Given material
[Start of Attachment]
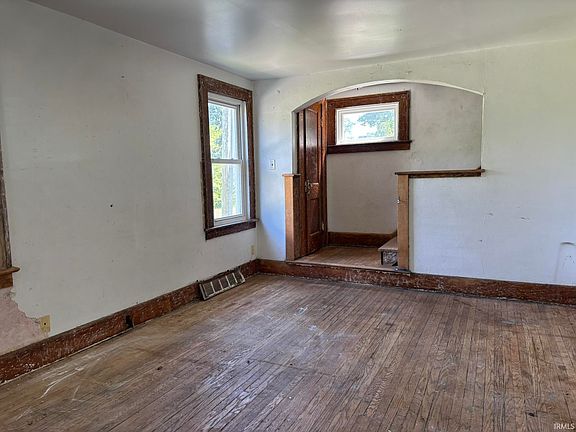 3rd image of 3221 Euclid Ave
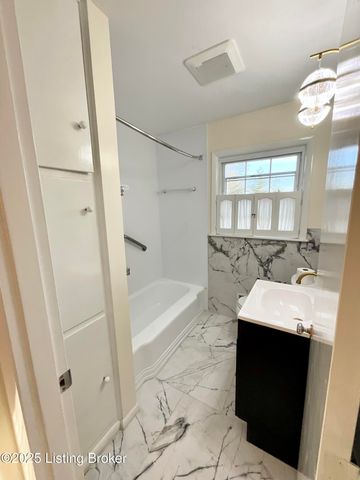 7913 Greenway Dr, Louisville, KY 40222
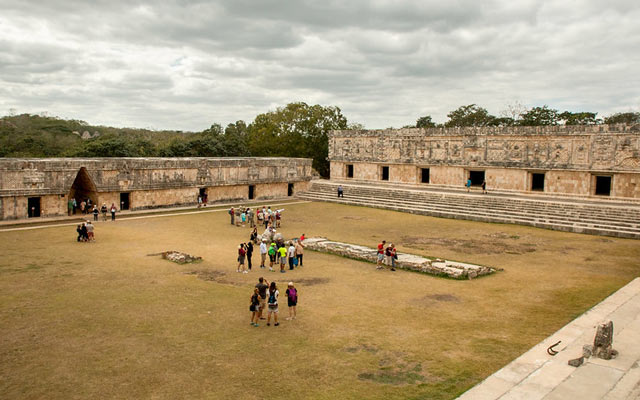 Uxmal, México. Foto por Andrea Schaffer en Flickr.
[End of Attachment]
All lines from the one that contains "7913 Greenway Dr, Louisville, KY 40222" through the last line of the data should be retyped exactly, with the pictures left out.

 7913 Greenway Dr, Louisville, KY 40222
 Uxmal, México. Foto por Andrea Schaffer en Flickr.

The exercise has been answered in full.